I want to try to give an impression of our town. First of all, some facts. Data from the 2011 Census of India are available on-line, and from these we find that Dindigul city has a population of around 210,000 people. It is the municipal headquarters of Dindigul District, which contains around 2.2 million people, some 3% of the population of Tamil Nadu. [Tamil Nadu had 72.1 million people in 2011]. Various websites say that Dindigul is famous for locks and tanneries; for cheroots; for fruit and vegetables; and Dindigul biriyani is a famous dish all over the south.
But it is a confusing town to get around. The roads don’t quite seem to lead to where you would expect: the Palani road, for example, ends in a T-junction and you then struggle through a narrow lane which finally gets to the New Palani road. The Karur road is not now the main way to Karur. I navigate on key shops: the road of the metal shelf makers leads onto the road of the safe-makers and thence to the station; the road past the massage-oil shop leads onto the street with the coffee shop and then the supermarket; the road with the big petrol bunk has the best fruit and veg shop; and so on.
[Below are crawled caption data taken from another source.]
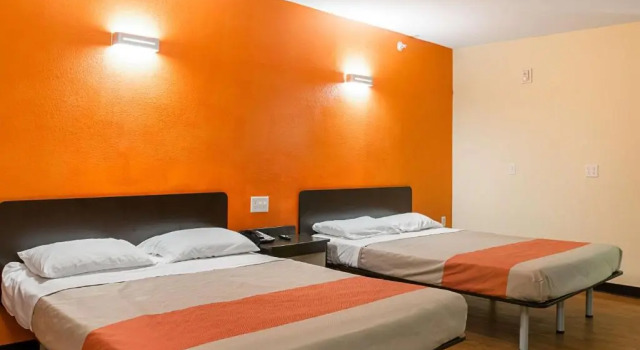 Четырёхместный номер Standard Motel 6-New Orleans, LA - Near Downtown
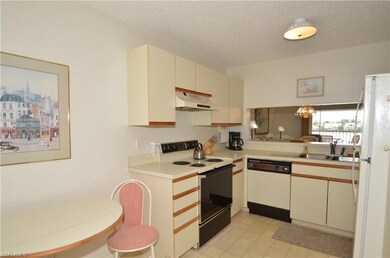 10682 Gulf Shore Dr unit 304, Naples, FL 34108 - photo 2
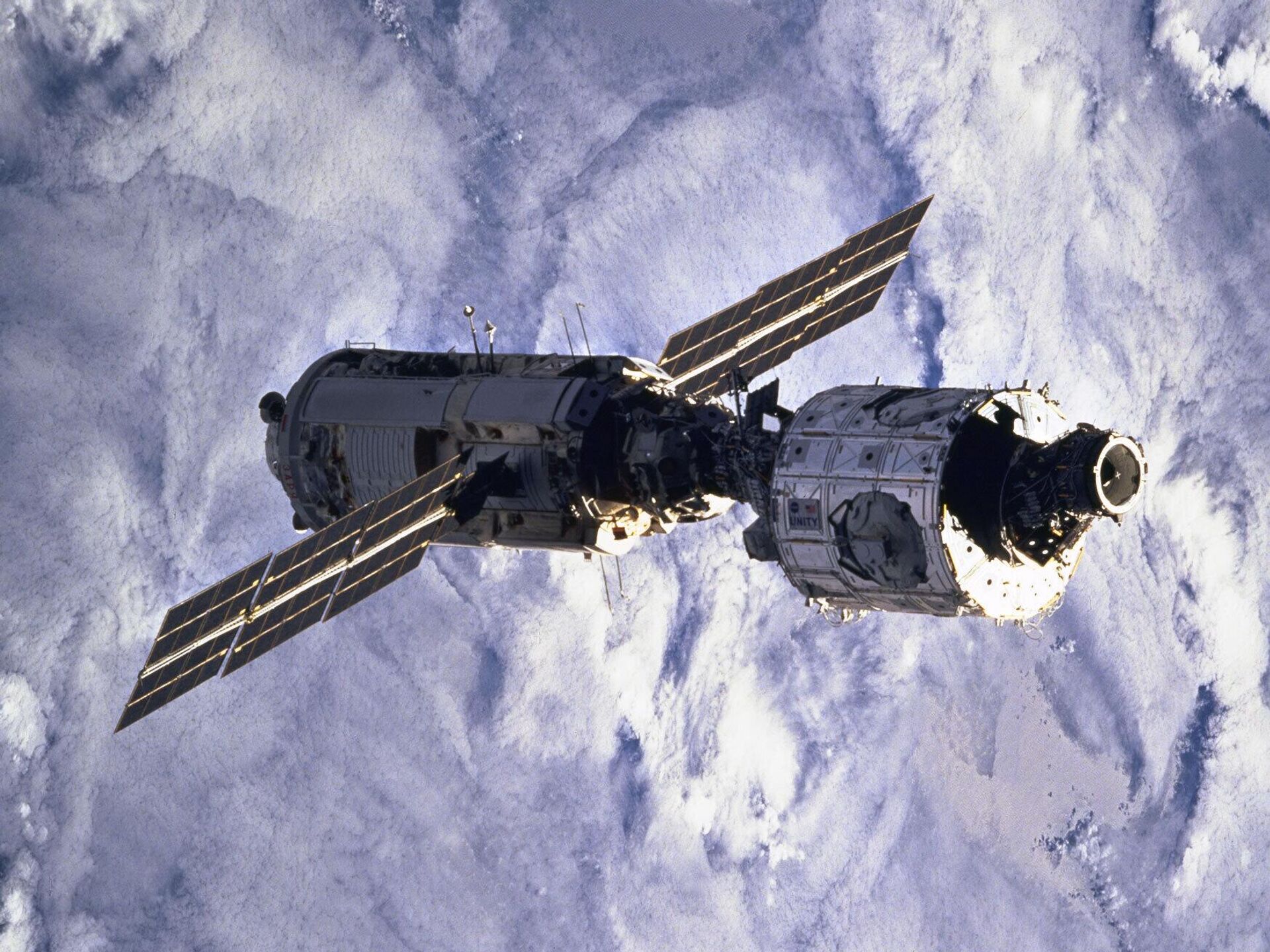 Фото космического корабля в космосе. Модуль Заря МКС. МКС 1998. Функционально-грузовой блок «Заря». Международная Космическая станция 1998.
The town grew at the base of the rock which was fortified by the Nayakas from Madurai during the 17th century and then passed to the Mysore army in 1745 and was governed by Hyder Ali from 1755. The British took control of it in 1799 after the battle with Tipu Sultan at Srirangapatnam. Round the base of the rock are a few remnants of the British era including a sadly neglected cemetery. But the value of the town now is that it is very well situated for trade, sitting in a gap between an isolated mountain called Sirumalai and the Palani Hills, which mark the easternmost end of the Western Ghats. [Sirumalai means “little hill” in Tamil, which is an understatement. I estimate it measures 20km by 15km, and rises to around 1800 metres].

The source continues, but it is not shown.